Records:
▼▼▼

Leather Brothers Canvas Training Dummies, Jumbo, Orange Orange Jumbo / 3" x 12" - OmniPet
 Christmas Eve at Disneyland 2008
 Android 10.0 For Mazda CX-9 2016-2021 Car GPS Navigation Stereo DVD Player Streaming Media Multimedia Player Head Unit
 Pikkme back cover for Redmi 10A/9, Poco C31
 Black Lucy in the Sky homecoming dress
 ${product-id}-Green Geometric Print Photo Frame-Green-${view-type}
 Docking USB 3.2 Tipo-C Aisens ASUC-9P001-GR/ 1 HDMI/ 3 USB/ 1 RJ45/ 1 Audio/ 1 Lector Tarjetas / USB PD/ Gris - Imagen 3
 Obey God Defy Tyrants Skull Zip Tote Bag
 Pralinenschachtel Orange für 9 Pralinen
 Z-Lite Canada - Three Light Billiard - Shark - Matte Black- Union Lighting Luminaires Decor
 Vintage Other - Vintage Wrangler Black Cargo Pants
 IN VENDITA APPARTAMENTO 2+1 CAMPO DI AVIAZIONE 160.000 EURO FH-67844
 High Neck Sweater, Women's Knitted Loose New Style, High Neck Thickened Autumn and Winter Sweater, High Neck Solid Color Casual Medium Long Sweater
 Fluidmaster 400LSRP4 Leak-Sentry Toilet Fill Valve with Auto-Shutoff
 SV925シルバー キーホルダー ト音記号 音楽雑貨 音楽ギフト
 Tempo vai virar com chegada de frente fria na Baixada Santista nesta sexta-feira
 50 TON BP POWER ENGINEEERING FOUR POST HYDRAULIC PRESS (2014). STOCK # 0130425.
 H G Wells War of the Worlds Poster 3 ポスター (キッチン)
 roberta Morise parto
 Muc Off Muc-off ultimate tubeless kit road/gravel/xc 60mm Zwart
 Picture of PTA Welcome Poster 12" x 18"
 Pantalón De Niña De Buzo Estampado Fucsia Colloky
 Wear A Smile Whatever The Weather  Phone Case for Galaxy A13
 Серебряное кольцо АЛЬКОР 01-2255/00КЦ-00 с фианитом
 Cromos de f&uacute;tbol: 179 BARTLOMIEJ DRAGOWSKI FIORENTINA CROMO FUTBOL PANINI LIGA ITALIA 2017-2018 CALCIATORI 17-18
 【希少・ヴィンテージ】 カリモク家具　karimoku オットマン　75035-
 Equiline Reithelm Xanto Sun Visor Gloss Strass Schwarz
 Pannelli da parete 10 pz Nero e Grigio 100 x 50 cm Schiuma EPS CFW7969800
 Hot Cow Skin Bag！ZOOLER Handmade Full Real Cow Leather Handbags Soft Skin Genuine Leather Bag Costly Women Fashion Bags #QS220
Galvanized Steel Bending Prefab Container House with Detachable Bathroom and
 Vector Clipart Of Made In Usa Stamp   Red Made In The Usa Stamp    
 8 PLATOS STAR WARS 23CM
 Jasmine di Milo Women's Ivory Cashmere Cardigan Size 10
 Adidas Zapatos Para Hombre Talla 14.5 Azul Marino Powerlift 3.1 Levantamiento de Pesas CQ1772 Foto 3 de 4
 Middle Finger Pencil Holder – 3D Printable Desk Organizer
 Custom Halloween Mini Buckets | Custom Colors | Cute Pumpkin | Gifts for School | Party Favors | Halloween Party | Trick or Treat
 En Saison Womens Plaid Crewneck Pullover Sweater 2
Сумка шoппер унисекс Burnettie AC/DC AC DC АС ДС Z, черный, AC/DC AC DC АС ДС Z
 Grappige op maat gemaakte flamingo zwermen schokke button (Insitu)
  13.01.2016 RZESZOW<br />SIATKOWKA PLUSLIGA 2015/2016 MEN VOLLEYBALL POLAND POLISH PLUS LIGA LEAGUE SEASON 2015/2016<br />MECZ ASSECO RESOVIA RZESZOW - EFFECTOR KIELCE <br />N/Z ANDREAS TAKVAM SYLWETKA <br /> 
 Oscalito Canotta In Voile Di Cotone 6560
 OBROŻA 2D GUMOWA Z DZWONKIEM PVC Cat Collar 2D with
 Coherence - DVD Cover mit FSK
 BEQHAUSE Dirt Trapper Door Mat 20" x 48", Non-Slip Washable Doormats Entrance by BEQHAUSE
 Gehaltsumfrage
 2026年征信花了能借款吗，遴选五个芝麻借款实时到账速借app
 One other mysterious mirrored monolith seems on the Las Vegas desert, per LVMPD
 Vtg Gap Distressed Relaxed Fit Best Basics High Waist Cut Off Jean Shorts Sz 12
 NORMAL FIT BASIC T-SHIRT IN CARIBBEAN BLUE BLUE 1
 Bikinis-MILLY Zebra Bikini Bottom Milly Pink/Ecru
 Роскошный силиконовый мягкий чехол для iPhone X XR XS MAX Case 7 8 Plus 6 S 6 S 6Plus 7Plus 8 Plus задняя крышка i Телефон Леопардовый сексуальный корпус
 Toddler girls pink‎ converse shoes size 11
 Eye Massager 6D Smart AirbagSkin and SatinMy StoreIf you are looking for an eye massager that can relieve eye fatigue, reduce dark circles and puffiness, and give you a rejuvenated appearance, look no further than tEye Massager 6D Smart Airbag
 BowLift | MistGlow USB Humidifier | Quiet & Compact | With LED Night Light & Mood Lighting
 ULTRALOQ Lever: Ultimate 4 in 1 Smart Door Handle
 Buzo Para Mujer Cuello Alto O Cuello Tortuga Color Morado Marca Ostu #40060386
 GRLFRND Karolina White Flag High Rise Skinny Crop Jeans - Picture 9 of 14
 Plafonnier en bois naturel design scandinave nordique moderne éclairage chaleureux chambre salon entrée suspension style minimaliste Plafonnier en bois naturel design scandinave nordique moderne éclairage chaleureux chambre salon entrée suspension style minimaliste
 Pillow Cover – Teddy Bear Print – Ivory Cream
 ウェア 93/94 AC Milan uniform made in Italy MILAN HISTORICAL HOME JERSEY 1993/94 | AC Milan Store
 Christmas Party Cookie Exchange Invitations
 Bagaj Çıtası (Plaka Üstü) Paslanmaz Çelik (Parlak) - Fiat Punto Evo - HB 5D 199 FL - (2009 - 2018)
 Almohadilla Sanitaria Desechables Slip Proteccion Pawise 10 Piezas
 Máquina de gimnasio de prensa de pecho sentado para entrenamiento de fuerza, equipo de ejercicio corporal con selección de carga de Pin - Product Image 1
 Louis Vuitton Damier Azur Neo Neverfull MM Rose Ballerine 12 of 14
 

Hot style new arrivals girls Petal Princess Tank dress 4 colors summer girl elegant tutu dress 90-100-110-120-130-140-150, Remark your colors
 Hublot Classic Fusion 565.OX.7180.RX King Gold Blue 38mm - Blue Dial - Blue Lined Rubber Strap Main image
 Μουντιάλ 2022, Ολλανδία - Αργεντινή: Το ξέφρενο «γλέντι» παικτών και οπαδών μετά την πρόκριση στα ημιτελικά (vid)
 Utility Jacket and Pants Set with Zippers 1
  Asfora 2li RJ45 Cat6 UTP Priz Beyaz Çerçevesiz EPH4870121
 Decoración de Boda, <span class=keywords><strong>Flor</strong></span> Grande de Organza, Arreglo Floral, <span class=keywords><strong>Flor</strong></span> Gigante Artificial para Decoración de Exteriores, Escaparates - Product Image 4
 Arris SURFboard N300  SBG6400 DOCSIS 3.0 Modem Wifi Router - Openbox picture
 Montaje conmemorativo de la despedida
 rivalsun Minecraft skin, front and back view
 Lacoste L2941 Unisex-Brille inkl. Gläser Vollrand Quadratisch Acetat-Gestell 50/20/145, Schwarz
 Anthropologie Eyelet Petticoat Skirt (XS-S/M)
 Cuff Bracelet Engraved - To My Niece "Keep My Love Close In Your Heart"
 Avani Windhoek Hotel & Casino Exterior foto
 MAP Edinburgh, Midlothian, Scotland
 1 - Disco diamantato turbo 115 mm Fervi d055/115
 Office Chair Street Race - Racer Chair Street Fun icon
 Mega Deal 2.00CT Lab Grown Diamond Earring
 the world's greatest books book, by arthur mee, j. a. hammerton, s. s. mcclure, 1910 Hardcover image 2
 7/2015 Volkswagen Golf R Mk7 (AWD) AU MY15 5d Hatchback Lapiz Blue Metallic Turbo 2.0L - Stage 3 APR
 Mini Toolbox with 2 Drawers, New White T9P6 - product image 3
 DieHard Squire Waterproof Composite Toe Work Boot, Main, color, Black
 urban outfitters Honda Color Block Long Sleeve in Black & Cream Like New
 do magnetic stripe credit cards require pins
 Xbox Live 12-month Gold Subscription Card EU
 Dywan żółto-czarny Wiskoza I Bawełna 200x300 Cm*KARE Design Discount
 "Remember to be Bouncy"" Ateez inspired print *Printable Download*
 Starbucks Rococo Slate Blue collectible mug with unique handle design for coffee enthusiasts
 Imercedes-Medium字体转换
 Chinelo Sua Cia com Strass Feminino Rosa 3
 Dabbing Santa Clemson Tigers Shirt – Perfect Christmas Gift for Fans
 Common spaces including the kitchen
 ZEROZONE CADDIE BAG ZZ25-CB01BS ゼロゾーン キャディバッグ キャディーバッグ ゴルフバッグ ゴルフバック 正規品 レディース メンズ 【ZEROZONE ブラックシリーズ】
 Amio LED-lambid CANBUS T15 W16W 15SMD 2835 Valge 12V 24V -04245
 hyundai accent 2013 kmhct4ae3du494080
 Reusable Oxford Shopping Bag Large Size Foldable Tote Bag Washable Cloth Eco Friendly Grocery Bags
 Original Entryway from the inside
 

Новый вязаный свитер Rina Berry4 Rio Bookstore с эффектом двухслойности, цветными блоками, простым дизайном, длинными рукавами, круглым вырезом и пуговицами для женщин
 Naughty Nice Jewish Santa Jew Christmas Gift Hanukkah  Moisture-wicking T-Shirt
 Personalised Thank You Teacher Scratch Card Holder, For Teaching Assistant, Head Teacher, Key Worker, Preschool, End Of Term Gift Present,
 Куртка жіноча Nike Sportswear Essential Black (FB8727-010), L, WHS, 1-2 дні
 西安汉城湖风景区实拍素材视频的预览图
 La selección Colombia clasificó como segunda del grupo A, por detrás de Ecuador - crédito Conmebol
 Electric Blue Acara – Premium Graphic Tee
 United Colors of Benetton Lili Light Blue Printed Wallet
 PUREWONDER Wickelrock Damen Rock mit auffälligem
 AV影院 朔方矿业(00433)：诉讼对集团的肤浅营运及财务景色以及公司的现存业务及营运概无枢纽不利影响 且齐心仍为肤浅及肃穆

▲▲▲

What the exercise asks: Beginning with the very first line of the records above, please retype each line through the one that has "Vintage Other - Vintage", and add nothing.

Output of the exercise:
Leather Brothers Canvas Training Dummies, Jumbo, Orange Orange Jumbo / 3" x 12" - OmniPet
 Christmas Eve at Disneyland 2008
 Android 10.0 For Mazda CX-9 2016-2021 Car GPS Navigation Stereo DVD Player Streaming Media Multimedia Player Head Unit
 Pikkme back cover for Redmi 10A/9, Poco C31
 Black Lucy in the Sky homecoming dress
 ${product-id}-Green Geometric Print Photo Frame-Green-${view-type}
 Docking USB 3.2 Tipo-C Aisens ASUC-9P001-GR/ 1 HDMI/ 3 USB/ 1 RJ45/ 1 Audio/ 1 Lector Tarjetas / USB PD/ Gris - Imagen 3
 Obey God Defy Tyrants Skull Zip Tote Bag
 Pralinenschachtel Orange für 9 Pralinen
 Z-Lite Canada - Three Light Billiard - Shark - Matte Black- Union Lighting Luminaires Decor
 Vintage Other - Vintage Wrangler Black Cargo Pants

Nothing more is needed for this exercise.